Task objective => Restate exactly, and only, the lines from the one with "NRG SRK-130H-RG Short" through the end of the data, with both of those end lines kept. Drop any pictures.

Dataset section =>

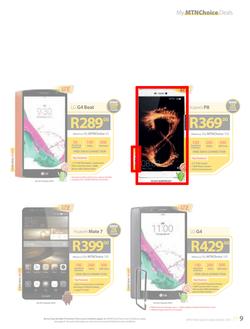 MTN : Y'ello Deals (1 Oct - 31 Oct 2015), page 9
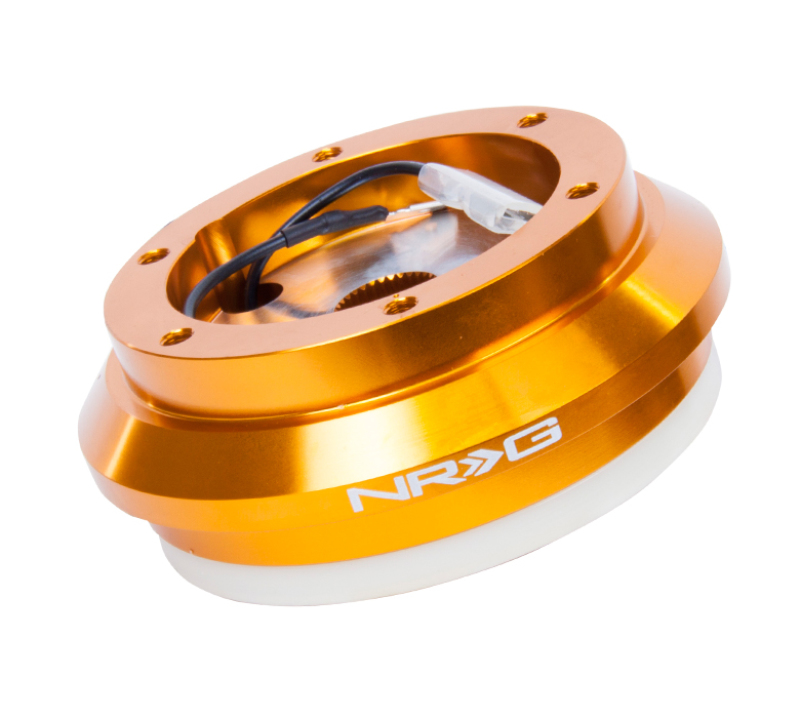 NRG SRK-130H-RG Short Steering Wheel Adaptor Hub Rose Gold For Honda Civic S2000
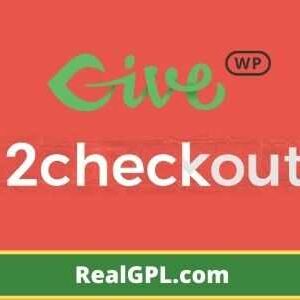 GiveWP 2Checkout Gateway Addon GPL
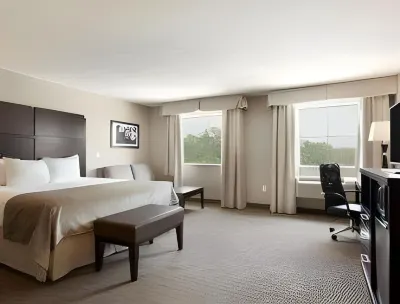 Baymont by Wyndham College Station Hotels near Texas A&M University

Problem solution =>
 NRG SRK-130H-RG Short Steering Wheel Adaptor Hub Rose Gold For Honda Civic S2000
 GiveWP 2Checkout Gateway Addon GPL
 Baymont by Wyndham College Station Hotels near Texas A&M University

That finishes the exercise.